E QUAL SERIA A " MELHOR IDADE", MESMO?
Começo de noite e nos sentamos ali, ao lado deles, para uma fast -food.
Nesses ambientes de shoppings, embora haja uma cacofonia intensa ao derredor, pela proximidade das pessoas às vezes nos tornamos íntimos das conversas que se travam aos celulares e também dos diálogos que surgem nas mesas ao nosso derredor.
Tal fato me incomoda um pouquinho.
Não foi difícil perceber que eram uma família representada por três gerações: uma senhora cadeirante, sua aparente filha de fachada bem elegante e sua netinha obesa e voluntariosa duns três aninhos de idade.
Dentre a conversa um tom de voz áspero me chamou a atenção: "Aonde ele se meteu dessa vez? Deve ter se perdido! É sempre assim! Eu não aprendo, não sei porque ainda carrego vocês comigo!"
Eu custei a acreditar no que ouvia.
Tão logo me dei conta da agressão, e bem incomodada, discretamente levei meus olhos àquela mesa aonde pude perceber a expressão de desolamento da senhora cadeirante que não soltou uma palavra em sua defesa.
E a cena continuou: "me dê seu prato, e vê se não faz sujeira, tá bom?" ordenava-lhe a provável e tão dedicada filha.
De repente ele, que não havia se perdido, agilmente reapareceu pelas escadas.
"Aonde se meteu? Não sabe que daqui a pouco temos que comprar remédio para os seus calos? Não me ouviu, eu repito, remédio para os calos. Você só me dá trabalho, meu pai não é assim!"
Obviamente que tentei, inutilmente, lincar uma relação de parentesco entre eles porque o início da minha crônica já acabara de ser escrito por ali...
Terminada a refeição ela lhes ordenou: "esperem aí que vou devolver as bandejas, embora ninguém aqui seja empregado de ninguém".
Assim que saiu dali, a garotinha esperneou, gritou, sacudiu a mesa, derrubou seu resto de coca-cola, lambuzou todo o derredor com sorvete derretido, tudo porque queria seguir com a mãe na devolução das bandejas.
"Fica quieta, olha o guarda, não chora que ele te prende" disse a avó aflita àquele ser inquieto, já meio voluntariosamente perdido e deveras muito agitado.
O segurança, que também já havia percebido a tal dinâmica que ali se travava, a olhou com cara feia.
Assim que a mãe voltou, tirou a criança da mesa lhe dizendo:"odeio criança malcriada mas Deus me presenteou com uma".

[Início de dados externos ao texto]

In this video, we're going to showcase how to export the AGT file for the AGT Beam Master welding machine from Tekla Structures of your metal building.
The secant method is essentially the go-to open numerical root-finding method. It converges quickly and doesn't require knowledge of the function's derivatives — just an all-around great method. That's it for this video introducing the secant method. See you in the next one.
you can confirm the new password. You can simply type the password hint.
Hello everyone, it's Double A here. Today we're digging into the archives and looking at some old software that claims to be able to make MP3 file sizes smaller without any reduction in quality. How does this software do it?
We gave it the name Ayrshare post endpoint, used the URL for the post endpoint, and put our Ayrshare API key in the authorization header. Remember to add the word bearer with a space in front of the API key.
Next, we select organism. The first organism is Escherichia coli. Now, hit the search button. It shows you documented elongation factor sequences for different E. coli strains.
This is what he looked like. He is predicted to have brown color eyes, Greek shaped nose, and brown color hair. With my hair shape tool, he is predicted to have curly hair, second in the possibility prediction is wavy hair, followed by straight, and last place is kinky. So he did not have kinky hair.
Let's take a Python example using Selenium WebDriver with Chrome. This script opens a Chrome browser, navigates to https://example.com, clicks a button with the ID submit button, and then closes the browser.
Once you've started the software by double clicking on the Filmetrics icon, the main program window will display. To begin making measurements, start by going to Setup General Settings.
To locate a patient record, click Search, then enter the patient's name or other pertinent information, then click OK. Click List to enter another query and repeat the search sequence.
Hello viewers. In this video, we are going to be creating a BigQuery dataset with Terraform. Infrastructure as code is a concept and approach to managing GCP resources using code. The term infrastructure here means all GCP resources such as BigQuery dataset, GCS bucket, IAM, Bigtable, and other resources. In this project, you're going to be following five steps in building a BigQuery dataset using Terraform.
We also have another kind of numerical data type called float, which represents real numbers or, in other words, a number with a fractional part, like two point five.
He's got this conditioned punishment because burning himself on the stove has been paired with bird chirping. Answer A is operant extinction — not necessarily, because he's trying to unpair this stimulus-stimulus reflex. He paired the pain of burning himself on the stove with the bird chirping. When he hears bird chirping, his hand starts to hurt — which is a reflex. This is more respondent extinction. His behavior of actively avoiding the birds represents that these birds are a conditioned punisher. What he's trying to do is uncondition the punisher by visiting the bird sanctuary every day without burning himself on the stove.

De súbito me passou um pensamento indagativo: e que culpa teria Deus na educação daquela pobre criança? Por um triz não fiz a minha pergunta àquela mãe e claro, uma enorme confusão ali estaria armada...
"Solta ela!"- ordenou ao provável avô, solta da mão dela, deixe-a andar sozinha!"
"Ela disse para você soltar a menina, pelo amor de Deus, solta a mão dela! repetiu a senhora já nitidamente bem nervosa.
Então, dali partiram os quatro juntos, silenciosamente, numa aparência de total e feliz normalidade: o senhor a manobrar a cadeira de rodas, a mãe a carregar junto a si um pacote enorme, que excedia em muito a sua altura, embrulhado com logotipo duma conhecida loja de brinquedos infantis e a garotinha a anunciar aos quatro ventos do que se tratava o pacotão "quero carregar meu presente, quero carregar meu presente..."
Saí dali meio angustiada, com a seguinte dedução:
Pelas gerações dos tempos,nossas crônicas de vida, aos poucos, podem se tornar tão complexa e cronicamente doentias que já nos é impossível nos enxergar nelas, a fim de transmutar seus tristes enredos para futuros e milagrosos recomeços.
Porque o tempo nunca espera, tampouco perdoa...ninguém.